You are viewing a plain text version of this content. The canonical link for it is here.
Posted to user@flink.apache.org by John Stone <el...@gmail.com> on 2018/10/31 23:43:52 UTC
TaskManagers cannot contact JobManager in Kubernetes when JobManager HA is enabled
I have successfully managed to deploy a Flink cluster in Kubernetes without JobManager high availability. Everything works great. The moment I enable high availability, TaskManagers fail to contact the JobManager. My configurations and logs are below. Can someone point me in the correct direction? Many thanks!
Note the following:
- Cluster is running Flink 1.6.2 .
- Logs for the JobManager and TaskManagers indicate that they can successfully connect to the Zookeeper instances.
- The Zookeeper instances reside as standard EC2 instances while the Flink cluster is fully contained in Kubernetes. Everything is within the same VPC.
- I have tried a TaskManager configuration which does not contain "high-availability: zookeeper" (i.e. launched the JM under one configuration and the TMs under another such that this is the only difference in the flink-conf.yaml file). This did not help.
============================================================================
TaskManager Log Snippet
2018-10-31 23:14:09,035 INFO akka.remote.transport.ProtocolStateActor - No response from remote for outbound association. Associate timed out after [20000 ms].
2018-10-31 23:14:09,035 WARN akka.remote.ReliableDeliverySupervisor - Association with remote system [akka.tcp://flink@flink-jobmanager:43982] has failed, address is now gated for [50] ms. Reason: [Association failed with [akka.tcp://flink@flink-jobmanager:43982]] Caused by: [No response from remote for outbound association. Associate timed out after [20000 ms].]
2018-10-31 23:14:09,128 WARN akka.remote.transport.netty.NettyTransport - Remote connection to [null] failed with org.apache.flink.shaded.akka.org.jboss.netty.channel.ConnectTimeoutException: connection timed out: flink-jobmanager/100.70.34.197:43982
2018-10-31 23:14:19,135 INFO org.apache.flink.runtime.taskexecutor.TaskExecutor - Could not resolve ResourceManager address akka.tcp://flink@flink-jobmanager:43982/user/resourcemanager, retrying in 10000 ms: Ask timed out on [ActorSelection[Anchor(akka.tcp://flink@flink-jobmanager:43982/), Path(/user/resourcemanager)]] after [10000 ms]. Sender[null] sent message of type "akka.actor.Identify"..

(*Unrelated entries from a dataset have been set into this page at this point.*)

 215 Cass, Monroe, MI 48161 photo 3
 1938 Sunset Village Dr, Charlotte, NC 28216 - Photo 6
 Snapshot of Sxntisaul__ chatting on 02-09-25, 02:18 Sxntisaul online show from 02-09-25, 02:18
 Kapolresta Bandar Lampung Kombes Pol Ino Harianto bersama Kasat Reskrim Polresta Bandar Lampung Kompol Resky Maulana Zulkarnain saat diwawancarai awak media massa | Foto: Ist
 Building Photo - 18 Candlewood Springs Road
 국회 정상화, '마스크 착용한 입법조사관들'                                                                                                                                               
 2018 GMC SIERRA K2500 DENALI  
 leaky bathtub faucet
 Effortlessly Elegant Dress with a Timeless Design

2018-10-31 23:14:28,065 ERROR org.apache.flink.runtime.taskexecutor.TaskExecutor - Fatal error occurred in TaskExecutor akka.tcp://flink@flink-taskmanager-75f746bdf7-fpw9h:38130/user/taskmanager_0.
org.apache.flink.runtime.taskexecutor.exceptions.RegistrationTimeoutException: Could not register at the ResourceManager within the specified maximum registration duration 300000 ms. This indicates a problem with this instance. Terminating now.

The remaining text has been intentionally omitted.